**TASK:** For this exercise, restate the data below with no change at all.

**DATA EXTRACT:**
========================================

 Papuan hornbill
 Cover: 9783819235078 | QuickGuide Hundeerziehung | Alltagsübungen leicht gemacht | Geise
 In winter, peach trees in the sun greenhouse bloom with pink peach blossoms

========================================

**EXERCISE SOLUTION:**
 Papuan hornbill
 Cover: 9783819235078 | QuickGuide Hundeerziehung | Alltagsübungen leicht gemacht | Geise
 In winter, peach trees in the sun greenhouse bloom with pink peach blossoms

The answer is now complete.